Know your ghosting from your zombie? Breadcrumbing from slow fading? Girl, it’s time to brush up on your dating terminology with our handy dating dictionary. We all know dating is complicated but we leavin’ those f*ckboys in 2019. 

First, the basics… Let’s face it, most of us (if not all) have either heard of or been on the receiving end of one of these dating disasters but if you’re confused about what tf is going on, let us help.   

Left on read

Fairly self explanatory this one, those dreaded double blue ticks at 14:30 and last seen online at 19:45. You’ve been left on read. You can give the benefit of the doubt here for so long but “I’ve been busy” 3 days later is the lamest excuse in the book. We’re all busy but someone who’s interested in speaking to you WILL make the time. Trust us. 

Ghosting

It’s all going well, you’re messaging every day, he’s sending you memes and cute dog videos when all of a sudden he drops off the face of the earth with no explanation. Did I do something wrong? Is his phone broken? Chances are, you’ve just been ghosted. You’ve got two options, block and move on or confront him directly. But let’s get real sis, do you really want someone in your life who’s willing to treat you like that? We’re all about self love and knowing our worth in 2020.

Soft ghosting

Similar to ghosting but with added insult to injury. Instead of just going AWOL, this guy will like your last message and leave it at that.
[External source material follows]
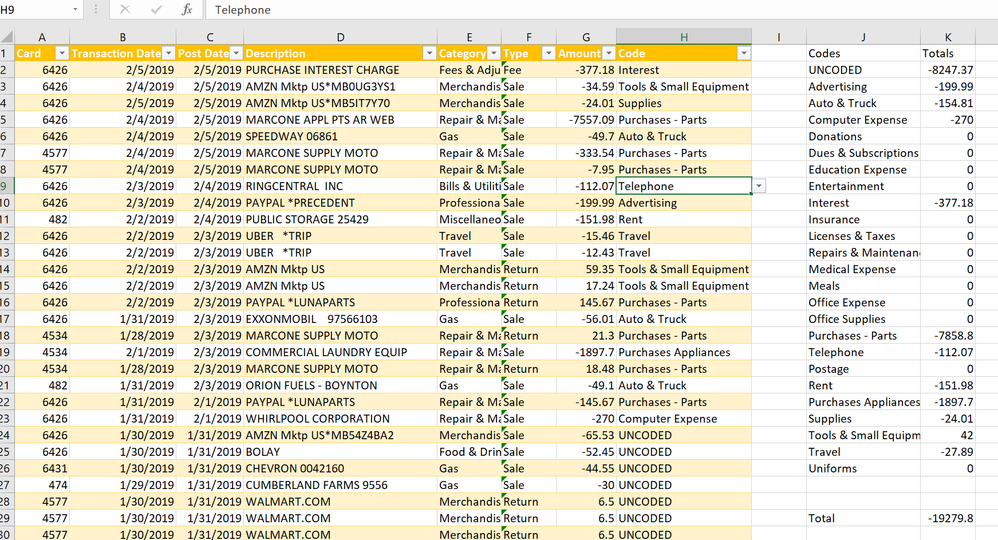 Coding Screenshot.PNG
Is the ball back in your court? Is it your turn again? For the best approach to a soft ghoster, please see previous definition.

Haunting

When above ghoster hangs around by following you on socials or watching your stories. Best to just not check, chances are it doesn’t mean anything, they’re just waiting to see you happy again so they can move onto this next one…

Zombie

You’ve just got over being ghosted, living your best life looking fire on the gram when all of a sudden you get that reply to your insta story “heyyy”. Like a zombie, he’s risen from the dead and is trying to get back into your life. We’re only moving forward this year girl, you officially have our permission to flip the tables and become the ghoster not the ghostee.

Slow fading

Arguably the friendlier way of ghosting someone, a Casper the friendly ghost if you will. Instead of cutting you off completely, this guy will just slowly reduce the level of contact and frequency of messages. You know the ones, they used to send paragraphs and ask about your day, now they just send “haha” or “yeh lol”? Yep, that’s a Casper. He’s not cutting you off entirely but rather giving you a reason to cut HIM off. If he’s taking 24hrs to reply to every single message and it’s dry af, time to cut and run sis.

Breadcrumbing

Like Hansel and Gretel just without the cannibalistic witch. This guy will leave behind a series of non-committal messages that are just enough to keep you clinging on in the hope that he’s interested but not quite enough to actually make plans or start to resemble any sort of relationship. The best thing you can do here is abort mission altogether or play aloof. Don’t boost his ego with your attention.

Benching

A new one to add to your dating dictionary. Benching involves keeping potential players on “the bench” with the occasional social media interaction or text while you give your favourite love interest that little bit more attention. When that goes South, you’ve got backup.

Situationship

You text everyday, go on dates, you’ve both agreed to not see anyone else and you’re emotionally connected but he won’t commit officially. Is this a relationship? No honey, you’ve found yourself in a situationship. A situationship can be fun for a while but things can quickly take a turn when one party suddenly wants more than the other. It’s best to be honest with yourself here about how happy you really are and whether you see it ever going any further. Sometimes cutting ties is best for both parties and though it’s as hard as any other “real” breakup at the time, we promise you’ll be happier in the long run. 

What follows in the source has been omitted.